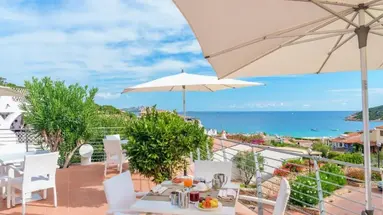 Hotel Punta Est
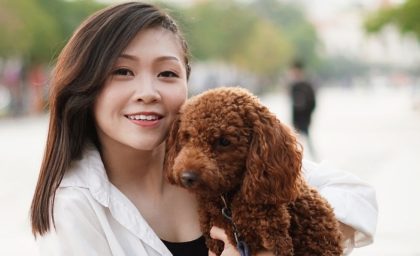 Not Without My Dog: هنگامی که بازماندگان بدون حیوانات خانگی آنجا را ترک نخواهند کرد
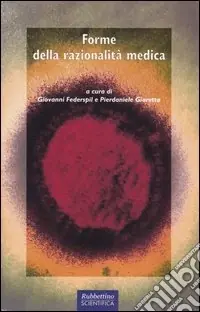 Forme della razionalità medica Saldi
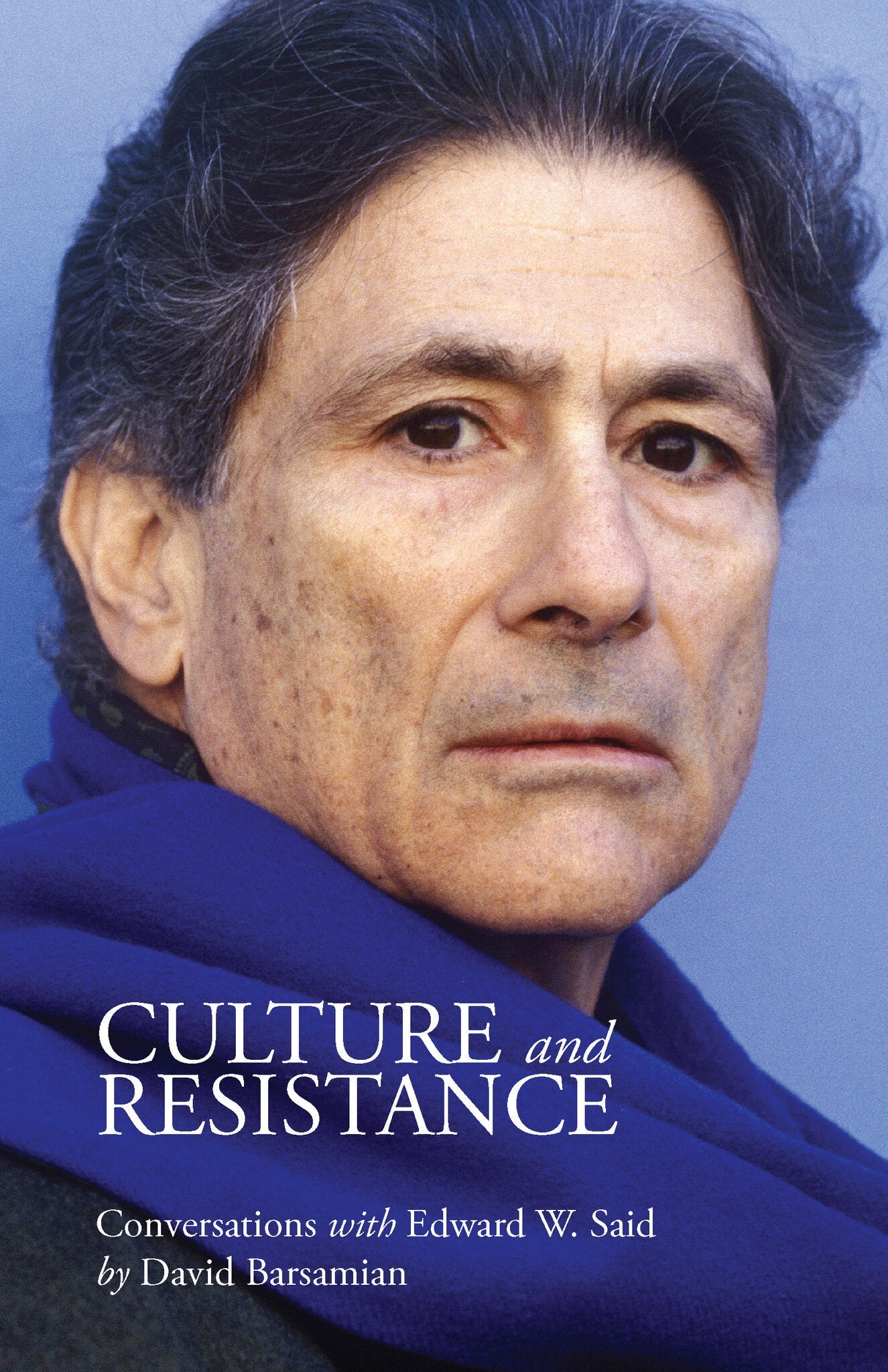Cover image for Culture and Resistance ISBN 9781608465828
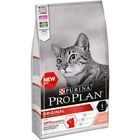 Сухой корм для кошек Purina Pro Plan Adult 1+ Vital Functions с лососем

•••••

REQUIREMENT
Retype all the data exactly. Omit pictures.

TASK RESPONSE
 Hotel Punta Est
 Not Without My Dog: هنگامی که بازماندگان بدون حیوانات خانگی آنجا را ترک نخواهند کرد
 Forme della razionalità medica Saldi
Cover image for Culture and Resistance ISBN 9781608465828
 Сухой корм для кошек Purina Pro Plan Adult 1+ Vital Functions с лососем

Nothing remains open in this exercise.